“If you want to determine the production capacity and the plan necessary to meet the changing demands for its products and services, then you have done sufficient capacity planning, but what strategy and steps were taken to develop your plans?”
It should be self-evident as to why an organization should care about capacity planning. No one wants to be in the situation where they have tons of people with nothing to do or to have too many projects and not enough people. As work piles up you are unable to become more efficient or grow as a company. You are unable to do much more than fight the fires. A company that has done sufficient capacity planning understands their priorities, the resource availability, the cash flow, as well as the intricacies of their time frame. Every project matters!
The repercussions of a poorly planned product launch are not just some unplanned operational costs, but a battlefield of ruthless customer reviews as well as negative impacts on the company’s image. The goal of capacity planning is to reduce that possibility, by minimizing the discrepancy, and provide satisfactory service levels in a cost-efficient manner. In other words, you are checking the system, and determining if you have the roles and skills needed before scheduling the work. Regardless of the situation, capacity planning involves three basic steps:
- Determine Capacity Requirements: Understand what will need to be supported.

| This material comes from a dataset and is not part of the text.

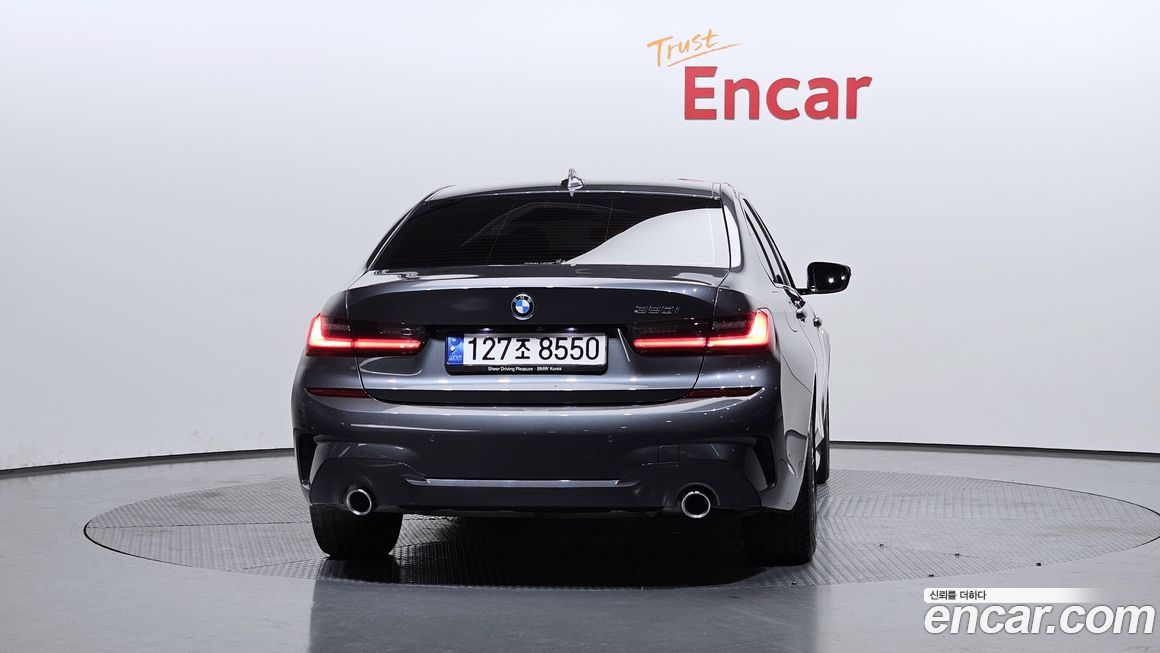 BMW 3-Series 320i M Sport, 2022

- Analyze Current Capacity: Determine if it is meeting the organizational requirements.
- Plan for Future Capacity: Forecast future business activities and requirements.
There is lots more that can be said about each of these steps, but to begin you must understand your limits. After that is determined, you can start to understand your organizational constraints, the true project priority, and further speculate on production holdup. Companies use one of four general strategies to determine the production capacity, and produced the plans necessary to meet the changing demands for its products and services:
- Lead Strategy: Loading the system in anticipation of an increase in demand. The Lead strategy has the goal of luring customers from your competitor by improving service level. You are ensuring that the organization has adequate capacity to meet all demands even during high growth periods.

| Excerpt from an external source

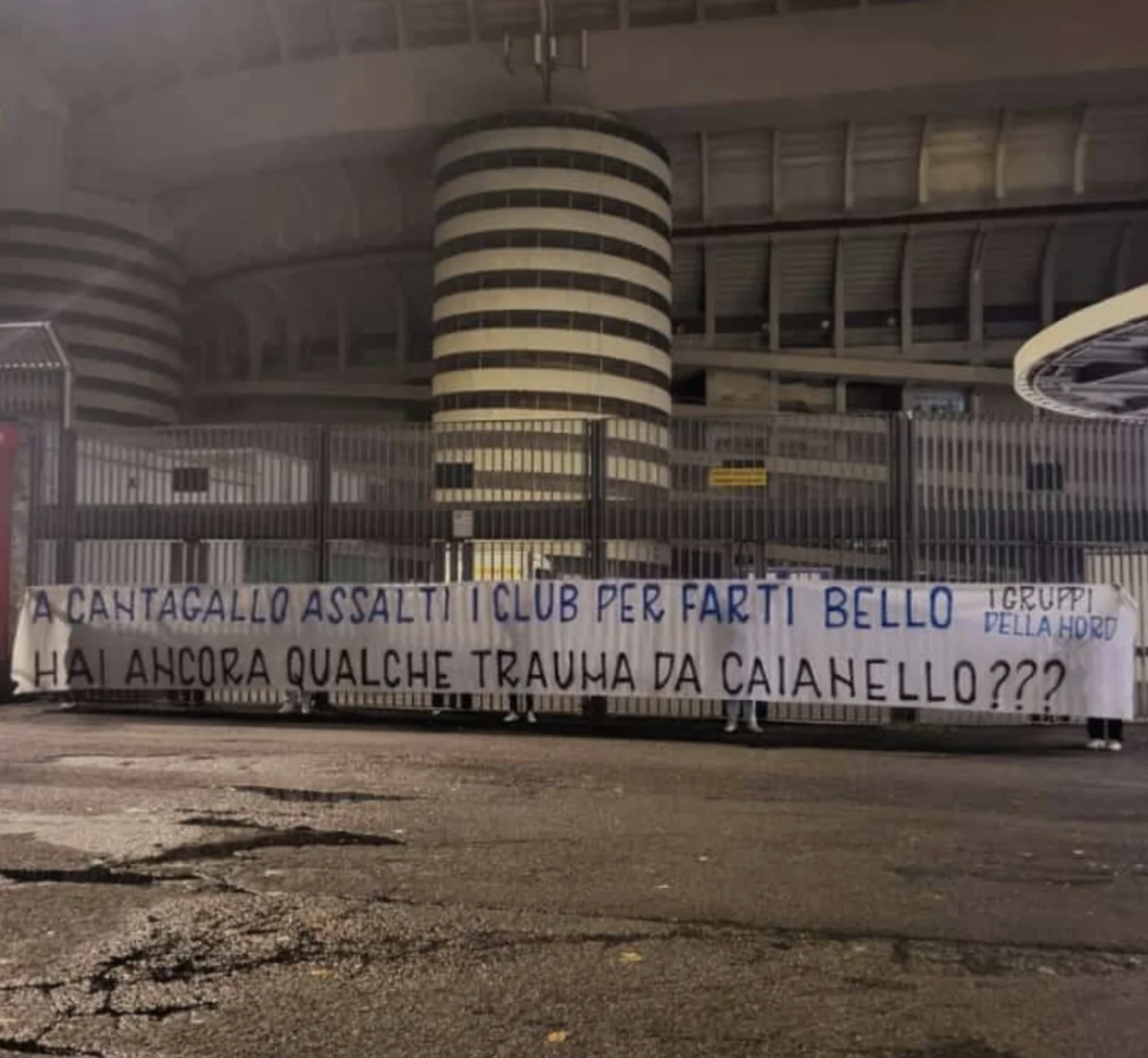 Lo striscione in ricordo di Caianello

- Lag Strategy: Add the capacity after demand has increased beyond existing capacity. This strategy decreases the risk of overbuilding, greater productivity due to higher utilization levels, and the ability to put off large investments, but it may result in the loss of possible customers due to the product being out of stock or low service levels.
- Match Strategy: Add the capacity incrementally in response to changes in demand. This is a more moderate approach to reach the same advantages as in the lag strategy.

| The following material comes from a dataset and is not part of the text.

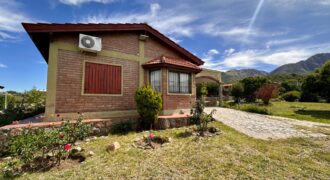 AMPLIA CASA EN CORTADERAS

- Adjustment Strategy: Add or reduce the capacity in small or large amounts due to the consumer’s demand, or do major changes to product, or to the organization.
You made the resources available to really look at the capacity and demand in your organization. You even allowed others to adjust a few of the associated variables such as hiring a new copywriter and adjusted a few projects. So… you’re done with capacity planning? Right? Not so much.
We live in a fast paced world were nothing ever stays the same for too long. The capacity is defined as the maximum amount or number that can be received or contained. This could be about the amount of data on a hard drive, or the maximum amount of work that an organization can complete in each amount of time. It is important to know those numbers, but it is more important to know that capacity requirements can fluctuate between peak and limited demand. You might not require the same number of resources in normal operations as you do in peak demand. You are only human, to ensure the success of business initiatives and reduced cost, capacity planning should be actively done semi-annually, but with this concept, should be continuously in the back of your mind as things change!